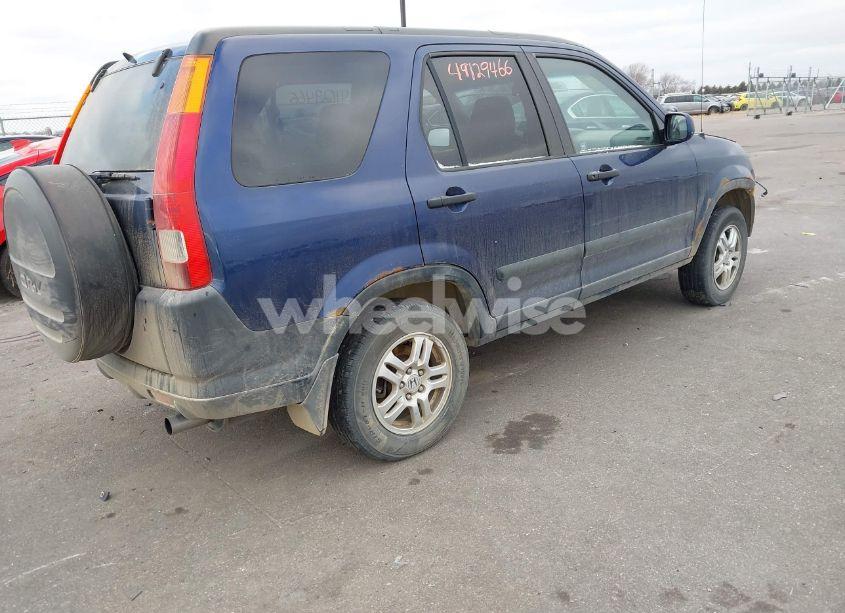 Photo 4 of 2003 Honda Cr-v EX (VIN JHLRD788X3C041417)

────────────────

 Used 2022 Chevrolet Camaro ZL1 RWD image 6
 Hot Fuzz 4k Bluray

────────────────

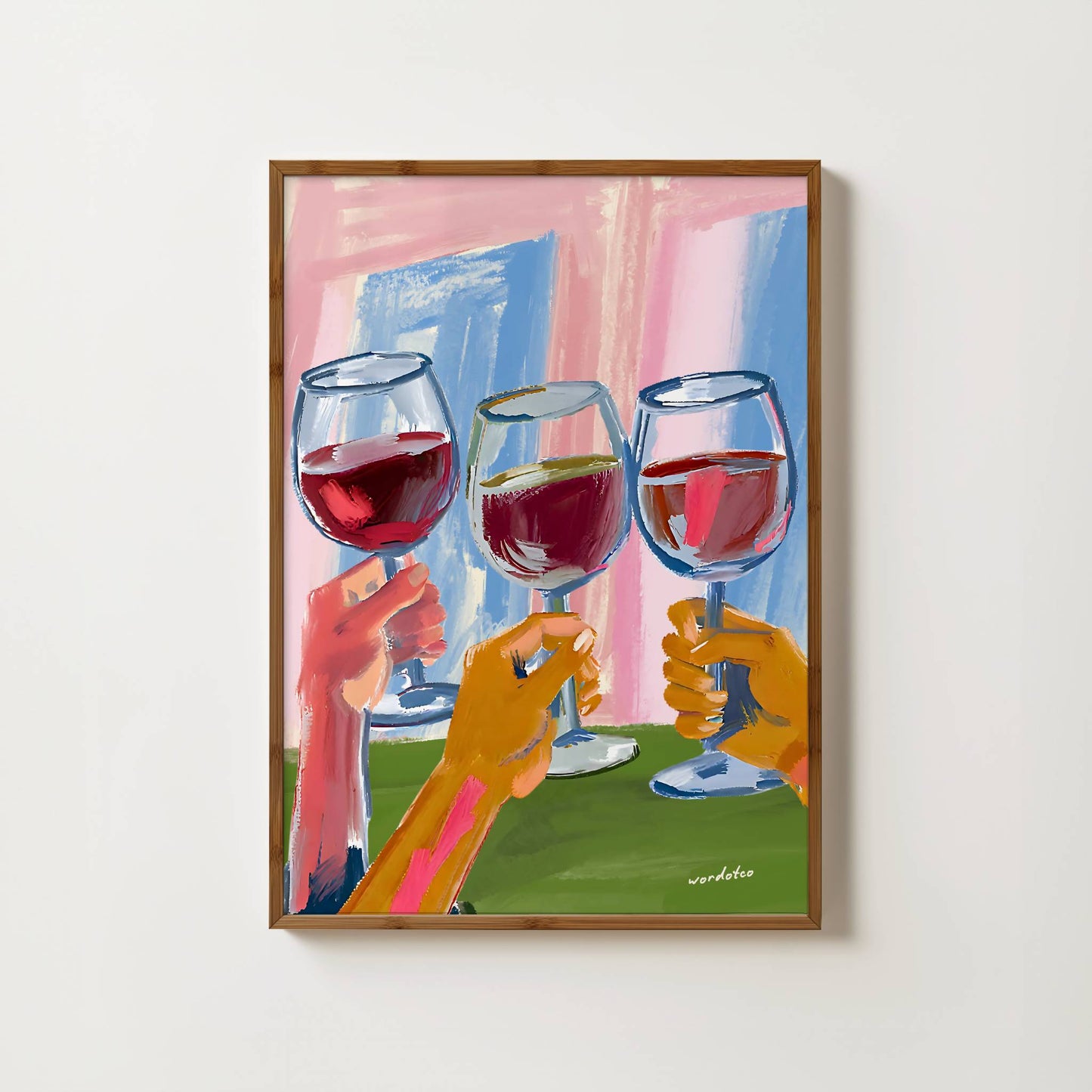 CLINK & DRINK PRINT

────────────────

### WHAT YOU ARE ASKED TO DO
From the records above, print only the lines between the one holding "Used 2022 Chevrolet Camaro ZL1 RWD image 6" and the one holding "Hot Fuzz 4k Bluray", inclusive, exactly as they stand.

### RESPONSE TO THIS TASK
 Used 2022 Chevrolet Camaro ZL1 RWD image 6
 Hot Fuzz 4k Bluray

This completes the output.